Under the terms of the settlement, the magazine agreed to pay the Virginia Alpha Chapter of the Phi Kappa Psi fraternity $1.65 million. The fraternity had originally sought a trial by jury and $25 million in damages.

“It has been nearly three years since we and the entire University of Virginia community were shocked by the now infamous article,” the fraternity said in a statement, “and we are pleased to be able to close the book on that trying ordeal and its aftermath.”

The fraternity said it planned to donate “a significant portion” of the settlement to groups that offer sexual assault awareness education, prevention training and victim counseling services on college campuses.

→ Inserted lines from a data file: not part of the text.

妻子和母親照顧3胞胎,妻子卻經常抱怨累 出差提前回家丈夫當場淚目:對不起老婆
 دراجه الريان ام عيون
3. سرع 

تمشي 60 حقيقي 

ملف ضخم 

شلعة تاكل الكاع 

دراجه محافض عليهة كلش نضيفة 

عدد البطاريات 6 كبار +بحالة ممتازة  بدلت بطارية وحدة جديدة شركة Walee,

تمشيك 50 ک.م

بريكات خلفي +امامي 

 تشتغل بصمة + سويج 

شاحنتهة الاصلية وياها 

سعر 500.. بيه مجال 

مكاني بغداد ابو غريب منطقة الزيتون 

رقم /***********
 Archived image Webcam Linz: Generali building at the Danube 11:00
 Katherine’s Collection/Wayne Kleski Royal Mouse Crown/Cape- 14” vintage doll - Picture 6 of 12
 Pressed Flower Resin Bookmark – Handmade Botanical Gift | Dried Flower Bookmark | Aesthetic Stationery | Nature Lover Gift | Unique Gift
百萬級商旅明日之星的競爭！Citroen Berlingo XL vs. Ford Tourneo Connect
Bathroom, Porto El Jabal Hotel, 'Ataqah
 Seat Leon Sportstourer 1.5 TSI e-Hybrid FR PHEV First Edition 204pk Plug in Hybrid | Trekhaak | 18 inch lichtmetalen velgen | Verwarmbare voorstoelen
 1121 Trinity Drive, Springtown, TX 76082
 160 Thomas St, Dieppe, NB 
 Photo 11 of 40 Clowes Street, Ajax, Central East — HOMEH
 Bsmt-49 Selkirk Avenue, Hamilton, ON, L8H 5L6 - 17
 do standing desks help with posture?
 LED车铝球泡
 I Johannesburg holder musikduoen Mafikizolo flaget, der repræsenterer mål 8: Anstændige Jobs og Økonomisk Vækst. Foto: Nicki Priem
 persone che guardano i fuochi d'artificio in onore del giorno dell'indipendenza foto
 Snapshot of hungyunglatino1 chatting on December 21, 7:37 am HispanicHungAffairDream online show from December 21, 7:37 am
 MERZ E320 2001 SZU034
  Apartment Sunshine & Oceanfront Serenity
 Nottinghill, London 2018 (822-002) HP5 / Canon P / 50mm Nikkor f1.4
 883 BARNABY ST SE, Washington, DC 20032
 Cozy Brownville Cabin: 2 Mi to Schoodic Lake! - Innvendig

Rolling Stone declined to comment. Court papers on the settlement have not been filed but are expected in the coming days.

The settlement essentially brings to an end the legal issues facing Rolling Stone over the 9,000-word article published in November 2014. In April, the magazine and the writer of the article, Sabrina Rubin Erdely, settled a suit brought by a University of Virginia administrator, Nicole P. Eramo, who said the article defamed her and portrayed her as the “chief villain” of the story. (A federal jury had awarded Ms. Eramo $3 million in damages in November 2016.) A third lawsuit, filed by three former fraternity members, was dismissed last June, though that decision is being appealed.

The article, “A Rape on Campus,” was retracted in April 2015 after a Columbia Journalism School report that said the magazine failed to take basic journalistic steps to verify the account of a woman, identified only as Jackie, who said she was the victim of a gang rape. It was an embarrassing episode for a magazine that has long prided itself on its journalistic accomplishments.

The reputational hit also coincided with industrywide financial pressure.

In September, Wenner Media, the magazine’s parent company, sold a 49 percent stake in Rolling Stone to BandLab Technologies, a Singapore-based music technology company led by Meng Ru Kuok, the son of an Asian business tycoon. And in March, Wenner sold the celebrity magazine Us Weekly to American Media Inc., the publisher of The National Enquirer, for a reported price of $100 million.